An artist's impression of the new education facility at West Notts College's Chesterfield Road campus. Credit WNC and Ellis Williams.
By Andrew Topping, Local Democracy Reporter

Councillors have approved a major new college campus redevelopment at the second time of asking following a crucial site visit.

Mansfield District Council’s planning committee has backed West Nottinghamshire College’s £8.86m plans for its Chesterfield Road campus.

It comes two weeks after the same committee deferred making a decision on the plans and requested a visit to the site due to conservation concerns.

The site visit took place at 5pm on Monday (August 14) before the committee returned to the Civic Centre at 6pm to discuss the plans.

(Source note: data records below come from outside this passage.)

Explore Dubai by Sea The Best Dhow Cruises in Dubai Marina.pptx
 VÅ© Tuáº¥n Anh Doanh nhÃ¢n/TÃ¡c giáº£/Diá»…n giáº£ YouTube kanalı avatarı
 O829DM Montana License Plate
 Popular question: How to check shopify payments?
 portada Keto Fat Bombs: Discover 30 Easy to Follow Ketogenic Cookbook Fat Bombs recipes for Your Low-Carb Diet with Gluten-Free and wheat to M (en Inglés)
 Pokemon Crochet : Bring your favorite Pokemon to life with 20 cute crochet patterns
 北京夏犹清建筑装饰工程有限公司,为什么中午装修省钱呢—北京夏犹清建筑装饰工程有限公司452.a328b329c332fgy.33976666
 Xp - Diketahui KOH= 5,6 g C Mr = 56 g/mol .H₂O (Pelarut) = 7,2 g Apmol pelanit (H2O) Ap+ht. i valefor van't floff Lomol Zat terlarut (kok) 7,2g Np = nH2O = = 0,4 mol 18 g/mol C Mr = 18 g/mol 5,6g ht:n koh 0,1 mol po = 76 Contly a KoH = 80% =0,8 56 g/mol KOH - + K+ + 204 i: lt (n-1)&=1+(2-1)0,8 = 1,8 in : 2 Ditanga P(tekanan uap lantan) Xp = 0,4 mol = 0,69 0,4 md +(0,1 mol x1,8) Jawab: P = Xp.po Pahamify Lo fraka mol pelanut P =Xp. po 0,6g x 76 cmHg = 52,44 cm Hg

Now approved, the vacant and redundant School of Arts building will be demolished to make way for a large new education hub.

Its existing Portico entrance will be removed and used elsewhere on the site, while there will be alterations to the historic Ashfield House building.

Once complete, the replacement hub will feature a T-Levels centre for vocational courses aimed at addressing a skills gap across the Mansfield area.

It will also have a library, toilets, a ‘circulation space’, a plant room, 10 classrooms and additional teaching facilities.

It follows the college saying the existing facilities are “not fit for purpose” with the new project representing a “multi-million-pound investment” in Mansfield.

The project, which is being run by the college in partnership with the Labour-run council, is part-funded by £4.3m in Government Towns Fund cash.

And speaking in the planning meeting on Monday, Andrew Cropley, chief executive of the college, said: “If the brightest young people want to pursue a lucrative career, they have to leave the town and don’t come back.

“That leaves us with real challenges of deprivation, poor social mobility, poor health and so on.

“This project is right at the heart of turning that around and is key to the town’s improvement plan.

An artist’s impression of the new education facility at West Notts College’s Chesterfield Road campus. Credit WNC and Ellis Williams.

“We have to not only provide skilled young people and skilled adults, but we have to support local businesses to grow, be more competitive, enter new markets and offer great jobs for them to stay here.

“This project enables them to contribute … and this building is absolutely essential.”

He admitted there are “challenges” with the existing campus buildings and said “demolition is the only option” to bringing the new facilities forward.

And on the previous deferral, he added: “Delay is a real challenge for us now and this project is stressed.

“We need to move forward quickly.”

Councillors were broadly supportive of the plans after visiting the site but the main sticking point during the meeting was the School of Arts’ iconic Portico entrance.

The committee requested and approved a condition requiring the entrance to be retained and for all parts of it to be used across the developed campus.

The Chesterfield Road campus. Credit Vision West Nottinghamshire College

Cllr Jack Stephenson (Lab), who represents Market Warsop and initially proposed the site visit at last month’s meeting, added: “I’m happy to accept the plans as they are.

“[This is] on the condition as much of the stone [from the Portico entrance] that isn’t to be kept in the plans is used elsewhere on the grounds, in whatever shape or form that might be.

“It could be they’re made into benches, kept as features – I’ll let designers do that – but my proposal is to retain as much of it that isn’t used in the application to be used on-site.”